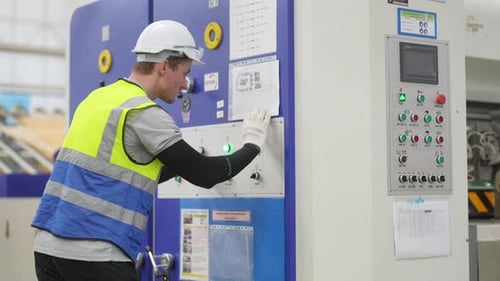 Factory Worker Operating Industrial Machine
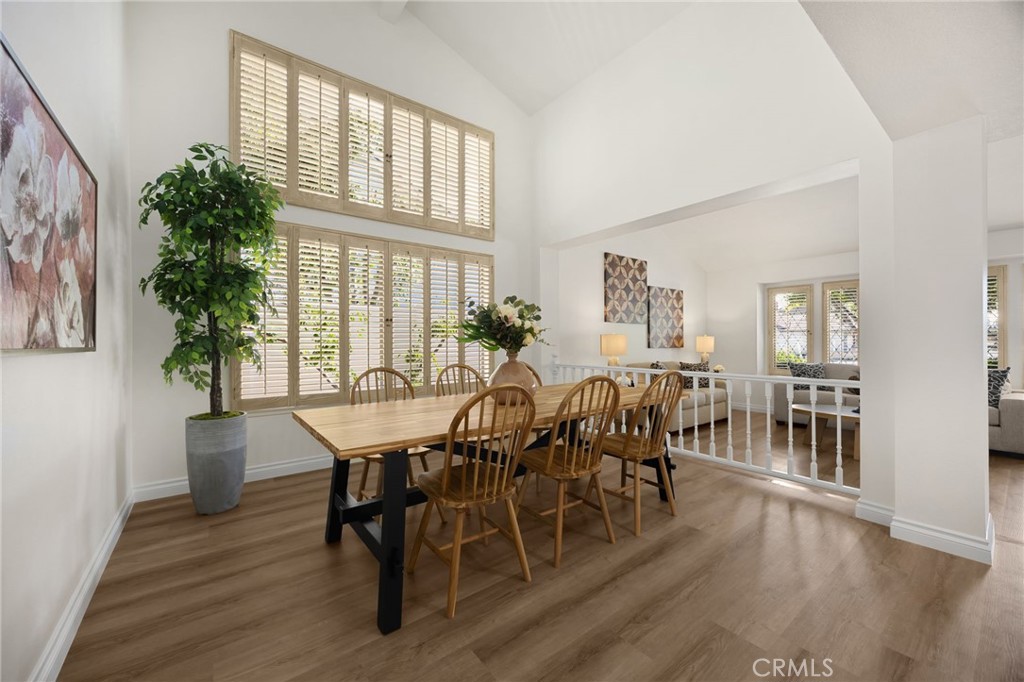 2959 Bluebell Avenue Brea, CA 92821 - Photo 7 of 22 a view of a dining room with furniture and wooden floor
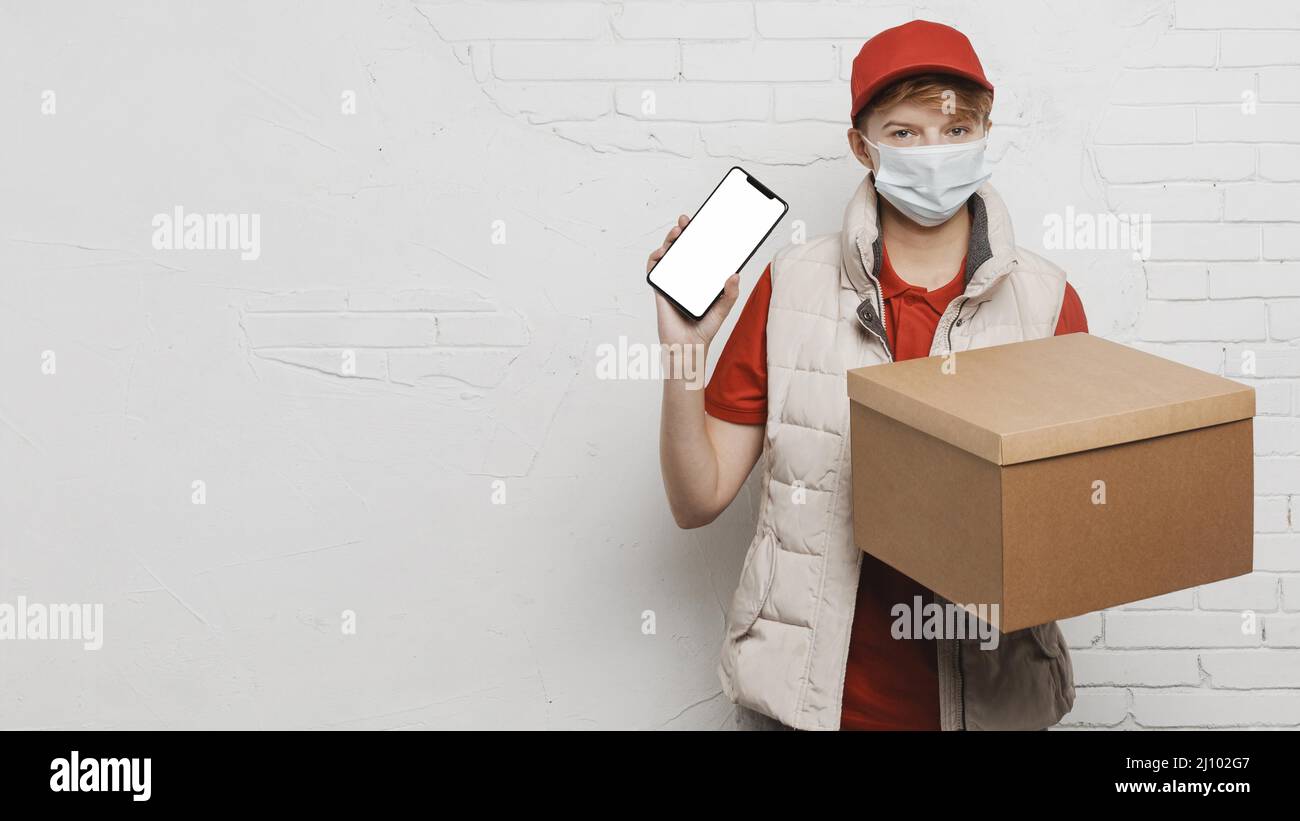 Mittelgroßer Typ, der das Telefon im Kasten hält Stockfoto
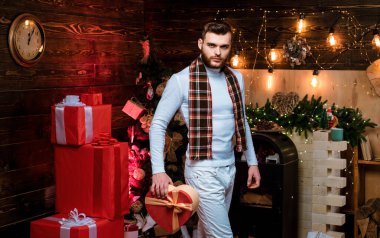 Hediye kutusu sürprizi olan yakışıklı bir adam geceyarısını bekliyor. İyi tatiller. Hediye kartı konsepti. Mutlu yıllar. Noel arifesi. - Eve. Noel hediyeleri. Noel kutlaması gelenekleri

▶ Activity
I'd like the data above duplicated exactly, with no pictures included.

▶ Response area
 Factory Worker Operating Industrial Machine
 2959 Bluebell Avenue Brea, CA 92821 - Photo 7 of 22 a view of a dining room with furniture and wooden floor
 Mittelgroßer Typ, der das Telefon im Kasten hält Stockfoto
 Hediye kutusu sürprizi olan yakışıklı bir adam geceyarısını bekliyor. İyi tatiller. Hediye kartı konsepti. Mutlu yıllar. Noel arifesi. - Eve. Noel hediyeleri. Noel kutlaması gelenekleri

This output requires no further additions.